At the same time, county officials have let $9 million earmarked for a new courthouse sit dormant for years.

And not everyone's comfortable with how things are going.

"I'm feeling like I don't have all the information," County Commissioner Loretta Smith said at a county board meeting in April. "It's making me really uncomfortable."

Here's the source of Smith's indigestion: By mid-May, the county will ask the Oregon Judicial Department to carve out room in its 2015-2017 budget to help fund the courthouse. The problem is no one knows what kind of courthouse the county's going to build, or even where. (Fixes to the existing building on SW 4th have been ruled out.) The project has long been expected to cost upward of $200 million, but firm estimates won't be available for months.

"We were a little surprised, at the staff level, that the state wanted this early of a request," says Michael Bowers, who directs the Multnomah County Facilities and Property Management Division.

Smith worries that asking for state money without knowing the total cost of a new courthouse is "out of order." Four separate officials at the recent board meeting sought to convince Smith the county could merely ask for enough funds to get the project underway, then come back for more later.

"That's just how these things play out," said Nancy Bennett, co-director of the county's government relations office.

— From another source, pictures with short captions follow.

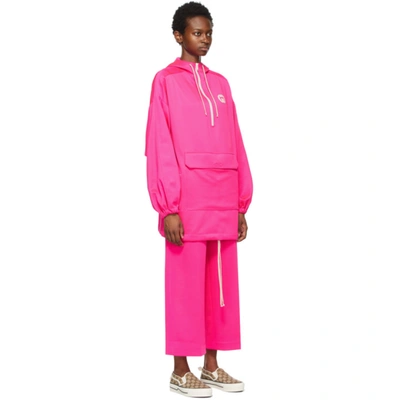 Shop Gucci Pink Jersey Hoodie In 5378 Pinkfluo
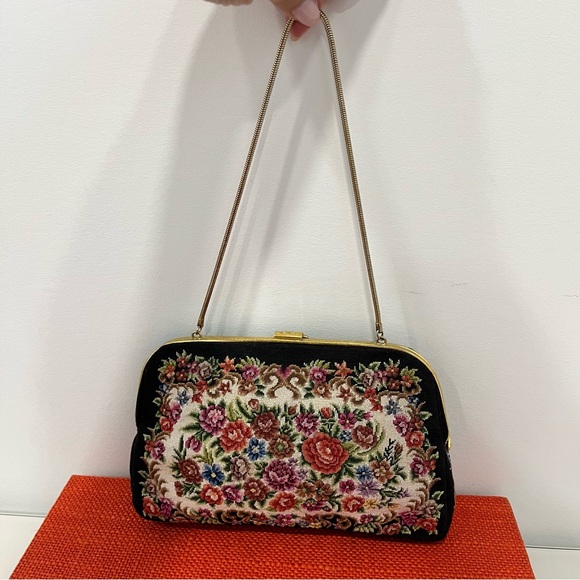 Vintage Petite Point Black Floral Needlepoint Bag with Jade-like Stone Clasp - Picture 5 of 16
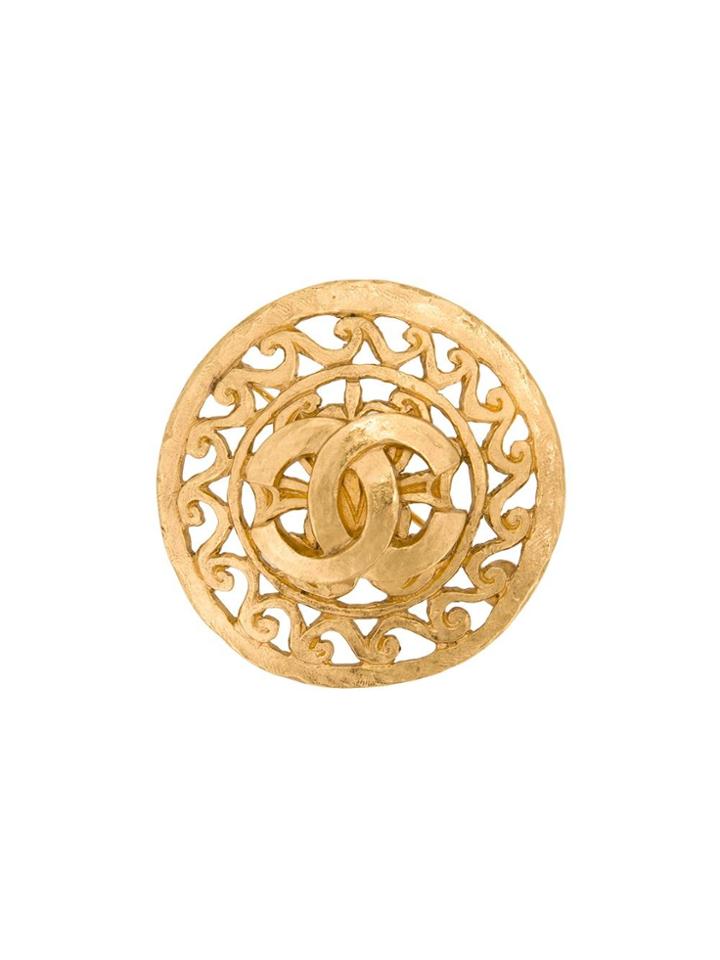 Chanel Vintage Cc Logo Brooch - Metallic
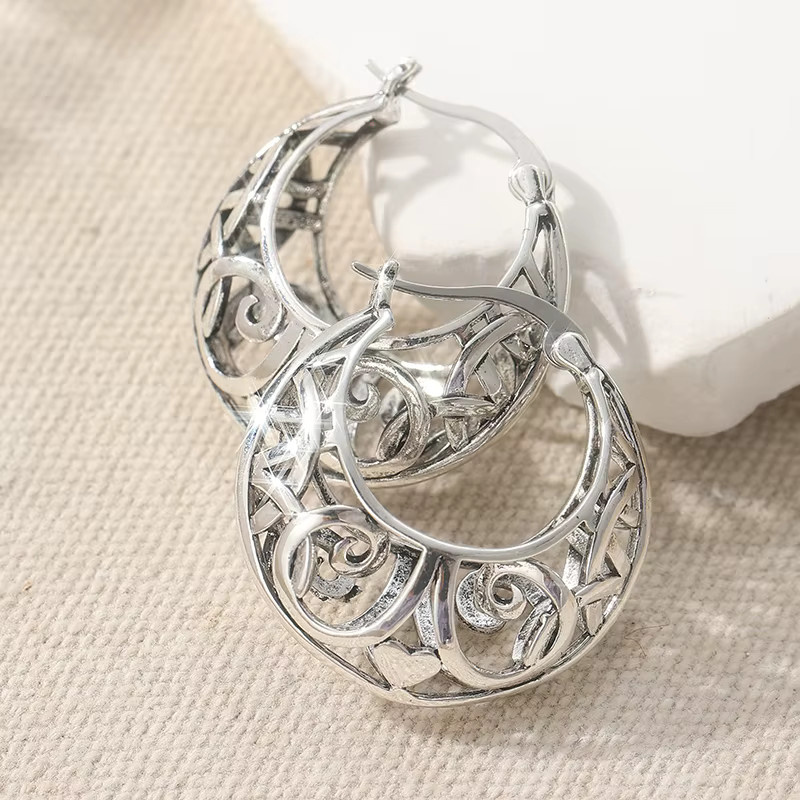 Creolen Vintage, Silber, Damen - Bild 2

At the same time, the county has yet to identify the $15 million in matching money it needs to get even the first influx from the state. And the fate of millions it won for the effort seven years ago is up in the air.

Back in 2007, the county inked a sweetheart agreement with the Portland Development Commission (PDC), the city's urban renewal agency. The PDC agreed to pay $9 million of the $10.7 million cost to move the Hawthorne Bridge's westbound off-ramp. That way, a county-owned plot bisected by the ramp could be used for a new courthouse.

According to the terms of the deal, the county was supposed to begin the project within five years. But nothing happened. An extension signed in 2012 will expire in November.

"For any number of reasons, it didn't come through the way people anticipated," says PDC spokesman Shawn Uhlman. "It's tough to speculate on how this thing plays out."

The PDC agreement would seem like an obvious boon. It would allow the county to prepare a plot of land it already owns—one that's blocks from the Multnomah County Detention Center. But project planners have made clear they're looking throughout downtown, the Pearl District, and even on the central Eastside for viable sites. Nothing's been chosen or even short-listed.

Even so, the county has stressed its plans to spend the PDC money, which is tied to development of the Hawthorne bridgehead land.

"The county has the $9 million," says county spokesman Hank Stern, "and intends to use it."